Под сильным, каким-то театральным впечатлением от произошедшего мы направились к выходу.
На площадке за воротами Кампо-Санто возле чёрного кадиллака-катафалка стояли две проститутки во всём чёрном.
— На случай, если понадобится по сходной цене кого-либо из близких усопшего или усопшей утешить? — хмыкнул я.
— Медленно и печально, как в анекдоте, — задорно ответила вдохновлённая Алла Петровна.
Прохожие удивлённо смотрели на женщину в белых одеждах, вышедшую с кладбища со счастливой улыбкой. Здесь я сфотографировал Аллу Петровну, сожалея, что не успел этого сделать на выходе из сортира — в момент актёрской истины.

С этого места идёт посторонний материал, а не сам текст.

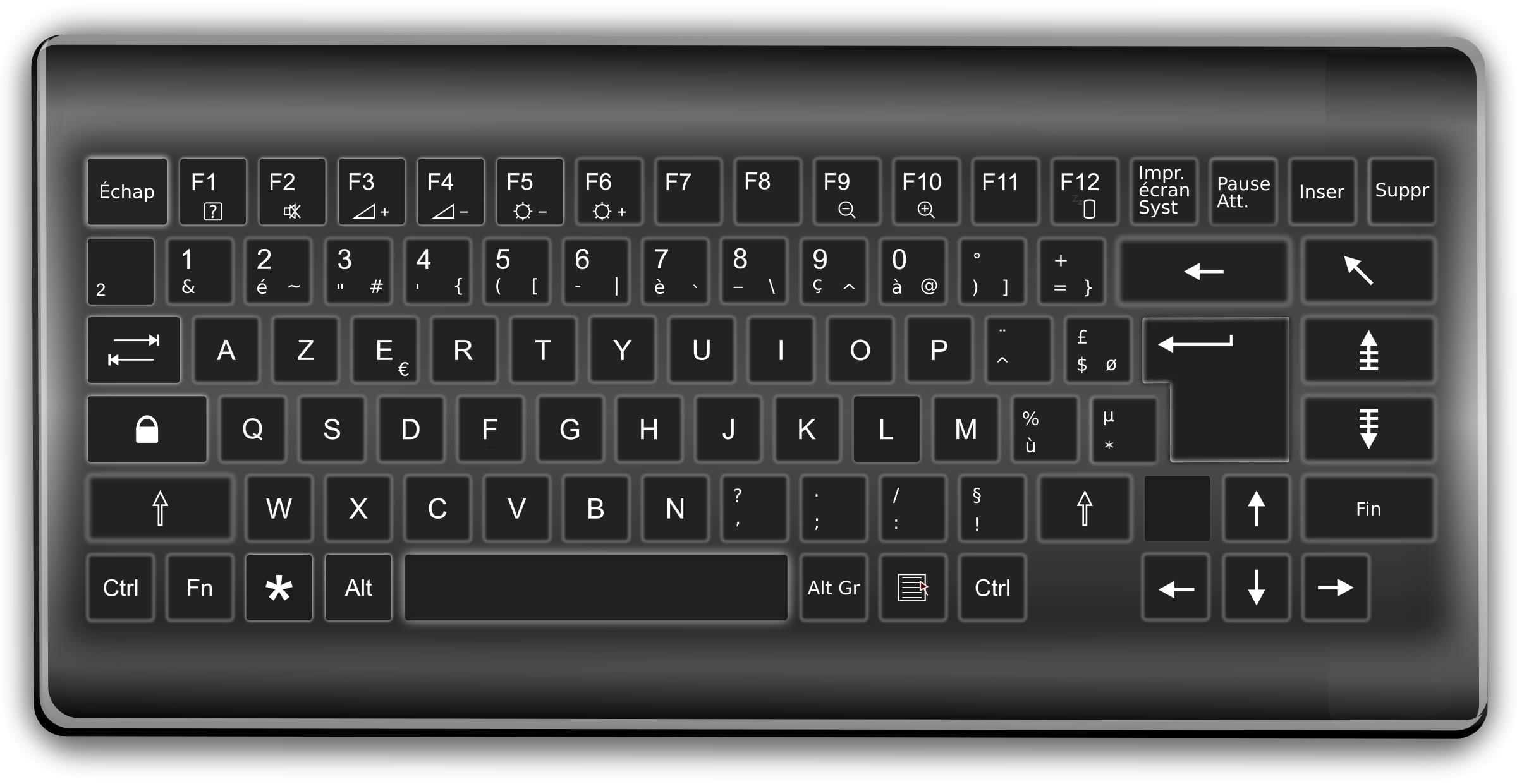 Awesome Keyboard (French) png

— …Злые языки, Алла Петровна, уверяли, — вспомнил я, когда мы, набродившись по кривым тёмным затхлым улочкам, присели в кафе выпить холодной колы, — что Фурцева с Зыкиной друг в дружке души не чаяли. В баню ходили только вместе и вообще… Оказывается, и вы — не чаяли?

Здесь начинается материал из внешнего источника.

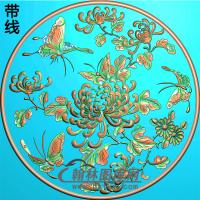 菊花精雕图（JH-009)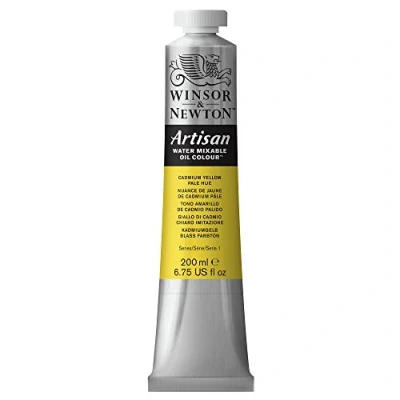 Imagen de Winsor &amp; Newton Artisan Tubo óleo miscible en Agua, 200 ml, Tono Amarillo de cadmio pálido,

— Я — чаяла! Это Галька Волчек, Олег Ефремов, Михаил Александрович наш с ней шуры-муры…
— Фурцева однажды даже в пример меня поставила, — усмехнулся Ульянов.
— Расскажите!
— Мне необходимо было достать для Ленки, тогда ещё маленькой, путёвку в санаторий. А куда идти, я не знал. Записался к Екатерине Алексеевне.

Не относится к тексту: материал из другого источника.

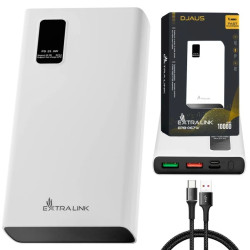 Powerbank Power bank, Fast Charging, USB-C Extralink EPB-067W 10000mAh Biały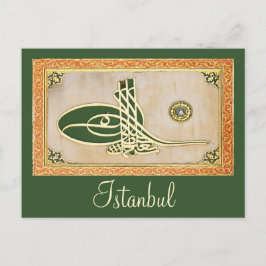 Postal Postcarta otomana de sultán tughra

— По поводу путёвки вы отправились к министру культуры?! — воскликнул я. — О, времена! О, нравы! Это больше похоже на анекдот.
— Просто так путёвку в Железноводск достать было невозможно. Пришёл, сижу. В девять ноль-ноль в приёмной появляется Юрий Петрович Любимов, благоухающий одеколоном. Я спрашиваю: а ты чего? Да вот, говорит, я же в Америку должен лететь, работаю над спектаклем «Под кожей статуи Свободы», а меня не пускают!.. В это время выходит секретарша, приглашает меня, потом и Любимова. Заходим. Начинаем разговор. Как дела? — спрашивает Фурцева. Собираюсь, говорит Любимов, в Штаты в творческую командировку! Помогите, Екатерина Алексеевна, это же не просто, это творческая, художественная необходимость! Евтушенко, автор поэмы, сто раз там бывал, мне тоже необходимо наглядеться, надышаться, напитаться, прочувствовать! Дабы правдиво, достоверно показать загнивающий Запад!.. Да что там делать, говорит она. Я вот была недавно — совсем там делать нечего, поверьте… Несколько минут спустя начинается уже на повышенных тонах разговор. Любимов требует, почти ругается, поносит бюрократов, не выпускающих его в Америку, — но Фурцева непреклонна. Вы, Юрий Петрович, говорит, лучше вот как Михаил Александрович поезжайте-ка с семьёй в Железноводск, мы вам с путёвкой поможем, подлечитесь… Да я здоров! — кричит Любимов… Так и не пустила она его тогда «напитаться Америкой». А ещё была встреча с Фурцевой, когда только-только начинали выезжать. Наш Театр Вахтангова распределили…
— По разнарядке, что ли?
— Уж не знаю. Направили в Австрию на гастроли. Фурцева собрала, как тогда было принято, коллектив и стала учить, как там вести себя, как работать. «Человека с ружьём» необходимо поднять, говорит. С вашей «Принцессой Турандот» уж как хотите, а произведение о Ленине необходимо поднять! И спрашивает: кто у вас Ленина играет? Наш режиссёр Рубен Симонов отвечает: Ульянов. Да как он смеет, вспылила Фурцева, играть в других фильмах, во всякой дряни, когда ему доверена роль Ильича!.. Но он же актёр, объясняет ей Симонов. Всё равно должен знать, что можно, а что нельзя играть! — кричит Екатерина Алексеевна… Потом выяснилось, что именно вывело её из себя: моя небольшая роль стукача, абсолютной сволочи, в картине Басова «Тишина»… И потом ещё с ней встречались. У меня есть замечательная фотография. Когда я получал за «Председателя» Ленинскую премию в Кремле, в зале, который назывался Свердловским, в президиуме сидели четыре лауреата: «Отец солдата» Закариадзе[6], певица Долуханова, художник Пластов и я. Я выступаю, а она, Фурцева, жутко нелюбезно, неприязненно так на меня смотрит… Как солдат на вошь.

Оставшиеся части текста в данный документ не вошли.